[Collected data]
>>>>
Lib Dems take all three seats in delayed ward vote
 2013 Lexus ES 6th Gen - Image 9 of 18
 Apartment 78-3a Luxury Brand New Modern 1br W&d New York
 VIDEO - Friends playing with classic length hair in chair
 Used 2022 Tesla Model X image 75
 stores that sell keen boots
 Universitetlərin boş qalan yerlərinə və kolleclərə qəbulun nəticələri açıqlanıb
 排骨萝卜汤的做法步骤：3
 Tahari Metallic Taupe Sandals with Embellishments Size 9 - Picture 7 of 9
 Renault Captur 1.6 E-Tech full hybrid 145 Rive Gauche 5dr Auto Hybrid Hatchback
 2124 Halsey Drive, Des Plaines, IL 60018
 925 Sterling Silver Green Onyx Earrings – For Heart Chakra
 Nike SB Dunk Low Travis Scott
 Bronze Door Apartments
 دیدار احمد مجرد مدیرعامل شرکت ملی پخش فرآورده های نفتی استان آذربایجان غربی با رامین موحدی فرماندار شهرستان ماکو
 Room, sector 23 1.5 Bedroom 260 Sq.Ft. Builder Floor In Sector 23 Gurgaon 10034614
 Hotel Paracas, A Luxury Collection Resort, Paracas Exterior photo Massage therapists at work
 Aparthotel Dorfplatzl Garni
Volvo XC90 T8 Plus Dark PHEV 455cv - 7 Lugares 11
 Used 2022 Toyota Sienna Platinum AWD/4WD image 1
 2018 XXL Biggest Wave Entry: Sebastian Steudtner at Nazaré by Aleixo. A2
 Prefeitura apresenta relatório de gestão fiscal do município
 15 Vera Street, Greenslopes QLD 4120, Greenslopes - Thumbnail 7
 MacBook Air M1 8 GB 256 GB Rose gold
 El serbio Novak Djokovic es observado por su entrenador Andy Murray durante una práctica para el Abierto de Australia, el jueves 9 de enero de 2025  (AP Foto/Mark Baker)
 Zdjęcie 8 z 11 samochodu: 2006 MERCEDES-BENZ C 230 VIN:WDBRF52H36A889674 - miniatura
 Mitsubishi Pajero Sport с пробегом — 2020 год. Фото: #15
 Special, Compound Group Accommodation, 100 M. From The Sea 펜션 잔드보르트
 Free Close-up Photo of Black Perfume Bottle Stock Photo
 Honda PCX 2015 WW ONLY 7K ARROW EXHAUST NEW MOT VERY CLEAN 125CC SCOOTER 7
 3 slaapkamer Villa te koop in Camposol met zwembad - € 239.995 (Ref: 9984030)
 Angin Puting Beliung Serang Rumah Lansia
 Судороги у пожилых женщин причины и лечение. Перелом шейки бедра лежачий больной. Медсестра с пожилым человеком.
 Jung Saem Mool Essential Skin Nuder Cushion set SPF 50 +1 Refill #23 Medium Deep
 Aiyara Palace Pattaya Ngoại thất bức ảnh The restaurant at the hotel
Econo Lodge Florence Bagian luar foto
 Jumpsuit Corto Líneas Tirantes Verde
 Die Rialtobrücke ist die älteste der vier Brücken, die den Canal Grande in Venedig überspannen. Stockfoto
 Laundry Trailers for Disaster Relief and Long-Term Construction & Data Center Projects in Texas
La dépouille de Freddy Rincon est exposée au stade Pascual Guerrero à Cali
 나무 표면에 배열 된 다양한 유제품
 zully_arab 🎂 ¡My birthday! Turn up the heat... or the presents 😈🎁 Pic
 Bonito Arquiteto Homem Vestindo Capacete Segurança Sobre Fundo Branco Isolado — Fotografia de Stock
<<<<
Activity » In this exercise, repeat the entries above verbatim.

Exercise result »
Lib Dems take all three seats in delayed ward vote
 2013 Lexus ES 6th Gen - Image 9 of 18
 Apartment 78-3a Luxury Brand New Modern 1br W&d New York
 VIDEO - Friends playing with classic length hair in chair
 Used 2022 Tesla Model X image 75
 stores that sell keen boots
 Universitetlərin boş qalan yerlərinə və kolleclərə qəbulun nəticələri açıqlanıb
 排骨萝卜汤的做法步骤：3
 Tahari Metallic Taupe Sandals with Embellishments Size 9 - Picture 7 of 9
 Renault Captur 1.6 E-Tech full hybrid 145 Rive Gauche 5dr Auto Hybrid Hatchback
 2124 Halsey Drive, Des Plaines, IL 60018
 925 Sterling Silver Green Onyx Earrings – For Heart Chakra
 Nike SB Dunk Low Travis Scott
 Bronze Door Apartments
 دیدار احمد مجرد مدیرعامل شرکت ملی پخش فرآورده های نفتی استان آذربایجان غربی با رامین موحدی فرماندار شهرستان ماکو
 Room, sector 23 1.5 Bedroom 260 Sq.Ft. Builder Floor In Sector 23 Gurgaon 10034614
 Hotel Paracas, A Luxury Collection Resort, Paracas Exterior photo Massage therapists at work
 Aparthotel Dorfplatzl Garni
Volvo XC90 T8 Plus Dark PHEV 455cv - 7 Lugares 11
 Used 2022 Toyota Sienna Platinum AWD/4WD image 1
 2018 XXL Biggest Wave Entry: Sebastian Steudtner at Nazaré by Aleixo. A2
 Prefeitura apresenta relatório de gestão fiscal do município
 15 Vera Street, Greenslopes QLD 4120, Greenslopes - Thumbnail 7
 MacBook Air M1 8 GB 256 GB Rose gold
 El serbio Novak Djokovic es observado por su entrenador Andy Murray durante una práctica para el Abierto de Australia, el jueves 9 de enero de 2025  (AP Foto/Mark Baker)
 Zdjęcie 8 z 11 samochodu: 2006 MERCEDES-BENZ C 230 VIN:WDBRF52H36A889674 - miniatura
 Mitsubishi Pajero Sport с пробегом — 2020 год. Фото: #15
 Special, Compound Group Accommodation, 100 M. From The Sea 펜션 잔드보르트
 Free Close-up Photo of Black Perfume Bottle Stock Photo
 Honda PCX 2015 WW ONLY 7K ARROW EXHAUST NEW MOT VERY CLEAN 125CC SCOOTER 7
 3 slaapkamer Villa te koop in Camposol met zwembad - € 239.995 (Ref: 9984030)
 Angin Puting Beliung Serang Rumah Lansia
 Судороги у пожилых женщин причины и лечение. Перелом шейки бедра лежачий больной. Медсестра с пожилым человеком.
 Jung Saem Mool Essential Skin Nuder Cushion set SPF 50 +1 Refill #23 Medium Deep
 Aiyara Palace Pattaya Ngoại thất bức ảnh The restaurant at the hotel
Econo Lodge Florence Bagian luar foto
 Jumpsuit Corto Líneas Tirantes Verde
 Die Rialtobrücke ist die älteste der vier Brücken, die den Canal Grande in Venedig überspannen. Stockfoto
 Laundry Trailers for Disaster Relief and Long-Term Construction & Data Center Projects in Texas
La dépouille de Freddy Rincon est exposée au stade Pascual Guerrero à Cali
 나무 표면에 배열 된 다양한 유제품
 zully_arab 🎂 ¡My birthday! Turn up the heat... or the presents 😈🎁 Pic
 Bonito Arquiteto Homem Vestindo Capacete Segurança Sobre Fundo Branco Isolado — Fotografia de Stock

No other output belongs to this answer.